=== DATASET RECORDS ===

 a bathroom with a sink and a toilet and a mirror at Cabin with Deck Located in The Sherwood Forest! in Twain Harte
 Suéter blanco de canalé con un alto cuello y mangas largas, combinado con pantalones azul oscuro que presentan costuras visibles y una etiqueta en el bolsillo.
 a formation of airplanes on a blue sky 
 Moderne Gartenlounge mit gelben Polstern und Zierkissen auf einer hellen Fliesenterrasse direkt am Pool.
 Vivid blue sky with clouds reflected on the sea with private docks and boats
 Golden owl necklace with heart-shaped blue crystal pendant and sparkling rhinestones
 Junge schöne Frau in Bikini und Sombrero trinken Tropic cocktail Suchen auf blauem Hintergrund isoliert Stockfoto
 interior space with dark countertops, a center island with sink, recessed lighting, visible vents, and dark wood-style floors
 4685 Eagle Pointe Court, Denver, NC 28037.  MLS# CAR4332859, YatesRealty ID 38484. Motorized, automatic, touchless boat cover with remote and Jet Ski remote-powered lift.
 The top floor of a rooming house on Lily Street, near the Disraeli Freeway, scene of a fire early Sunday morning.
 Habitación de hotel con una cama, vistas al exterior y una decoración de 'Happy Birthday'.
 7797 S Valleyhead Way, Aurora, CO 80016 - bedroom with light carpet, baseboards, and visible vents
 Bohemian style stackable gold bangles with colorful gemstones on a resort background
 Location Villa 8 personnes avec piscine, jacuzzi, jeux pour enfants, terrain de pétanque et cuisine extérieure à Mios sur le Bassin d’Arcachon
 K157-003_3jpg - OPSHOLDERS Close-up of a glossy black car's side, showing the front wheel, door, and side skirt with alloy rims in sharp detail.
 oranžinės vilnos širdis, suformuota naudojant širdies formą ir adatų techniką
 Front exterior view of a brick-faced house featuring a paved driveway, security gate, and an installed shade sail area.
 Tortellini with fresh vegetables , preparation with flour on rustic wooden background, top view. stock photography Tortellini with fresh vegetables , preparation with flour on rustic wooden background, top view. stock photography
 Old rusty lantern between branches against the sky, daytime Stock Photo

===

> [ASSIGNED TASK]:
Write out every record shown above, word for word.

> [EXERCISE RESPONSE]:
 a bathroom with a sink and a toilet and a mirror at Cabin with Deck Located in The Sherwood Forest! in Twain Harte
 Suéter blanco de canalé con un alto cuello y mangas largas, combinado con pantalones azul oscuro que presentan costuras visibles y una etiqueta en el bolsillo.
 a formation of airplanes on a blue sky 
 Moderne Gartenlounge mit gelben Polstern und Zierkissen auf einer hellen Fliesenterrasse direkt am Pool.
 Vivid blue sky with clouds reflected on the sea with private docks and boats
 Golden owl necklace with heart-shaped blue crystal pendant and sparkling rhinestones
 Junge schöne Frau in Bikini und Sombrero trinken Tropic cocktail Suchen auf blauem Hintergrund isoliert Stockfoto
 interior space with dark countertops, a center island with sink, recessed lighting, visible vents, and dark wood-style floors
 4685 Eagle Pointe Court, Denver, NC 28037.  MLS# CAR4332859, YatesRealty ID 38484. Motorized, automatic, touchless boat cover with remote and Jet Ski remote-powered lift.
 The top floor of a rooming house on Lily Street, near the Disraeli Freeway, scene of a fire early Sunday morning.
 Habitación de hotel con una cama, vistas al exterior y una decoración de 'Happy Birthday'.
 7797 S Valleyhead Way, Aurora, CO 80016 - bedroom with light carpet, baseboards, and visible vents
 Bohemian style stackable gold bangles with colorful gemstones on a resort background
 Location Villa 8 personnes avec piscine, jacuzzi, jeux pour enfants, terrain de pétanque et cuisine extérieure à Mios sur le Bassin d’Arcachon
 K157-003_3jpg - OPSHOLDERS Close-up of a glossy black car's side, showing the front wheel, door, and side skirt with alloy rims in sharp detail.
 oranžinės vilnos širdis, suformuota naudojant širdies formą ir adatų techniką
 Front exterior view of a brick-faced house featuring a paved driveway, security gate, and an installed shade sail area.
 Tortellini with fresh vegetables , preparation with flour on rustic wooden background, top view. stock photography Tortellini with fresh vegetables , preparation with flour on rustic wooden background, top view. stock photography
 Old rusty lantern between branches against the sky, daytime Stock Photo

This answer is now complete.